For general school resources, tolerance = 0.922, and VIF = 1.084; factor 2: discipline and safety, tolerance = 0.848, and VIF = 1.179; factor 3: parental support, tolerance = 0.839, and VIF = 1.191; factor 4: principal experience and education, tolerance = 0.942, and VIF = 1.061; and for factor 5: library and instruction resources, tolerance = 0.927, and VIF = 1.079. Furthermore, the data meet the assumption of independent errors (Durbin–Watson = 1.350). An analysis of standard residuals is carried out, which indicates that the data contains no outliers (standard residual min = −3.757, standard residual max = 3.853). Residual and scatter plots indicate the assumptions of linearity and homogeneity are all satisfied [
30].
From
Table 14, the results of the multiple regression model with five plausible values from student achievement in mathematics show the coefficients for the constant and the five predictors of student achievement in TIMSS 2015. The regression slopes (B) and significance values (alpha) are used to discuss the final model, combining the five factors on student achievement (average). These values are as follows:
- (1)
Constant average score for B = 693.615, p = 0.000: significant;
- (2)
General school resources B = −0.225, p = 0.880: not significant;
- (3)
School discipline and safety B = −9.947, p = 0.000: significant;
- (4)
School parental support B = −40.998, p = 0.000: significant;
- (5)
Principal experience and education B = −48.932, p = 0.000: significant;
- (6)
School library and instruction resources B = −9.545, p = 0.000: significant.

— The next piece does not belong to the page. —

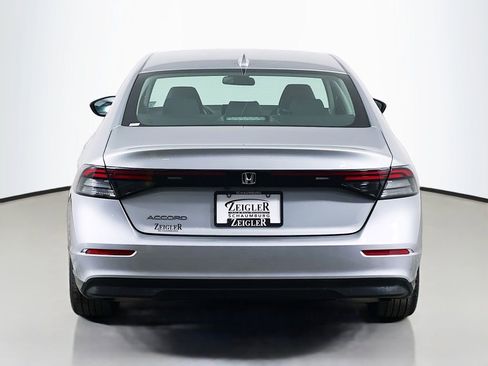 Used 2024 Honda Accord LX image 6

The best-fitting model for predicting student achievement in the TIMSS 2015 from the analysis above is the linear combination of the constant, factor 1: general school resources, factor 2: discipline and safety, factor 3: parental support, factor 4: principal experience and education, and factor 5: library and instruction resources for instruction.
Model 1:
Achievement in math = 693.615 − 0.225 (general school resources) − 9.947 (school discipline and safety) − 40.998 (school parental support) − 48.932 (school principal experience and education) and − 9.545 (school library and instruction resources).

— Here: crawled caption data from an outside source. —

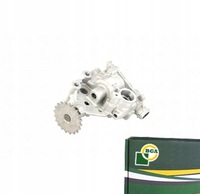 фото thumb №1, Насос масла do renault grand scenic iii 2.0 dci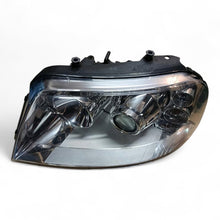 Laden Sie das Bild in den Galerie-Viewer, Frontscheinwerfer Seat Alhambra Sharan 7M3941015AE Xenon Links Headlight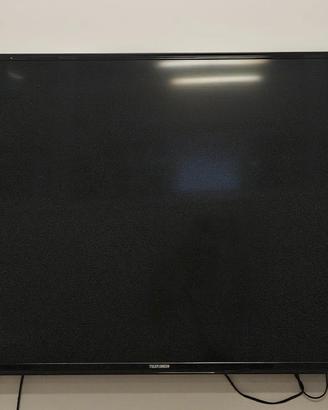 Televisore TELEFUNKEN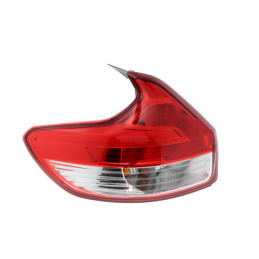 Lampa Tylna  - VALEO 047083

This model indicates that for every one unit increase in general school resources, the achievement declines by 0.225; for one unit increase in school discipline and safety, the achievement declines by 9.947; for one unit increase in school parental support, the achievement declines by 40.998; for one unit increase in school principal experience and education, the achievement declines by 48.932; and for one unit increase in the school library and instruction resources, the achievement declines by 9.545.

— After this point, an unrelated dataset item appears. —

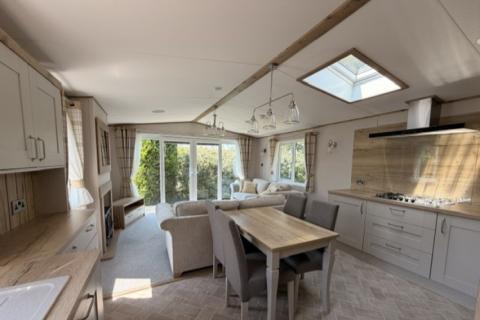 Ambleside Dining area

In addition, p-value = 0.880 > 0.01 is not a significant level for general school resources; p-value = 0.000 < 0.01 is a significant level for discipline and safety; and p-value = 0.000 < 0.01 for parental support, school principal experience and education, and school library and instruction resources implies that school discipline and safety to the school library and instruction resources are statistically significant and, therefore, have a significant impact on achievement, while general school resources is not statistically significant. Meanwhile, the variance inflation factor for general school resources to the school library and instruction resources is less than five. This shows no multicollinearity among the explanatory variables that satisfy the assumptions that there should not be multicollinearity.